Monday, July 9, 2018

Study from Canada Indicates HPV Tests More Effective at Discovering Precancerous Cells in Women than Pap Smear

As someone who is a huge advocate for routine screening of patients for oral cancer, I was excited to see this report from the British Columbia Cancer Agency.  The study performed, to simplify things, shows that testing for HPV (Human Papilloma Virus) is more accurate than the age old system of Pap which basically attempts to screen for abnormal cells which may, at some point in the future, grow into cancerous cells.  This, screening for women routinely for HPV is a better diagnostic indicator of a potential for cancer in the future than the traditional PAP.
It has become well documented in medical literature in the past few years that one of the principle causes, if not the *main* precipitating cause of cervical cancer is HPV.  This also leads to the fact that the demographics of Oral and Pharyngeal Cancers in humans are now demonstrating that the leading cause of oral and pharyngeal cancers ini humans is HPV16, especially in men.  As HPV16 proliferates, it is leading to more and more cancer cases… especially in men.
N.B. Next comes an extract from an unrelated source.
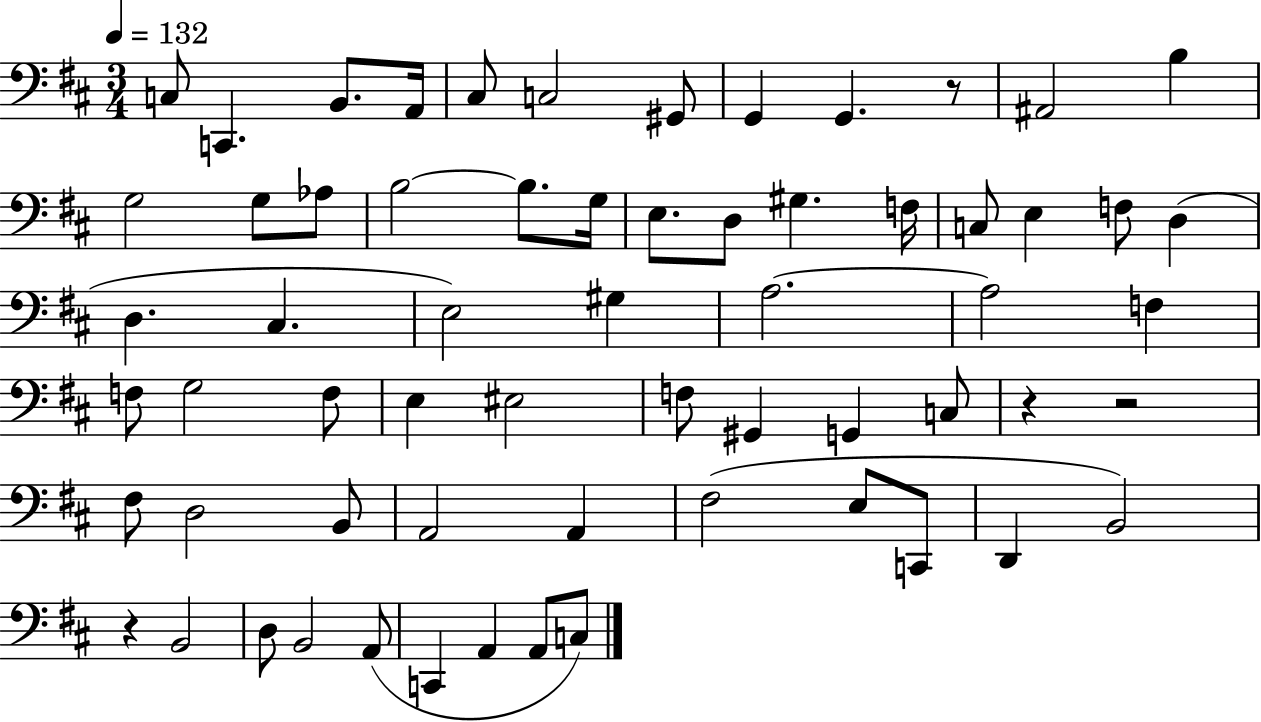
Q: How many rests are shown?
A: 4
Until the last 15 years or so it appeared that oral cancers in men were related to age and contributory factors such as alcohol and smoking.  Now however, the age where cancer appears is no longer in older men, but in males in their 20s.  Theories are that the HPV infection in women are leading to infection of men which then contributes to increasing rates of oral and pharyngeal cancers in young males. The incidence rates are now such that oral and pharyngeal cancers in men are making it a disease of “young men” instead of the over 40 or 50 age group.
The other awful part of this change in the demographics is that these cancers are not always easy for patients to self detect as well as the simple fact that when caught in later stages, the treatments can be horribly disfiguring.  Anything that can lead to earlier detection, is a plus.  Studies such as this one can only improve clinical outcomes.